Top 5 mistakes in home-made wills

Home-made wills vary from a few scribbles on a loose-leaf page to a nicely-printed formal document. I've seen wills written on the backs of envelopes and on yellow post-it notes. What all of these diverse wills have in common is that they are made without legal advice.

In Canada, we can make our own wills if we want to. Most provinces recognize hand-written wills as being valid, but even in the provinces that don't allow hand-written wills, anyone is allowed to create his or her own will using a kit or computer. Sometimes that works out just fine. Other times it does not. As someone who has worked in estate litigation for more than 30 years, I can attest that home-made wills might have saved a few bucks on the front end but often cost thousands in legal fees later on.
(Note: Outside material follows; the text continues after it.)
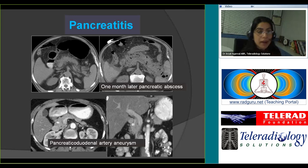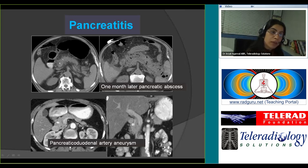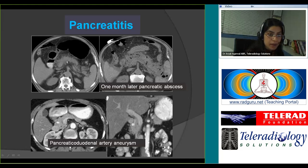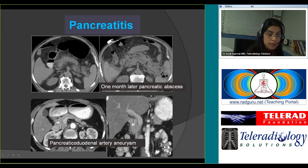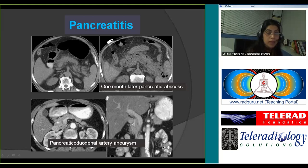Pancreatitis manifests as enlargement of the pancreas — diffuse or focal — with peripancreatic fat stranding and fluid in the retroperitoneum. This patient had pancreatitis and one month later developed a pancreatic abscess — notice multiple areas of necrosis, hypodense areas, and air loculi in the pancreas. Another complication of pancreatitis is formation of a splenic artery or pancreaticoduodenal artery aneurysm — this is an example of a pancreaticoduodenal artery aneurysm.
In this post, I want to point out some of the most common errors people make when preparing their own wills.

1. Accidentally creating a trust. Every word counts in a will, and wrong words can create situations you never intended to create. An example would be: "Give my house to my son, Roger, and when he is done with it, give it to his kids." In most cases, the testator intended to give Roger the house outright. They intend for him to use it or sell it or whatever he wants. The idea of giving it to his kids is what they think he will do with it on his death. However, by putting in the part about giving the house to the kids, they may have created a trust for the house, meaning that Roger will never own it. This means the executor of the estate will have to hold the house in trust for Roger's lifetime. And while he holds in trust, who pays for the property tax and the insurance? What does Roger pay for? What do the kids pay for? All of a sudden, things are a lot more complicated. 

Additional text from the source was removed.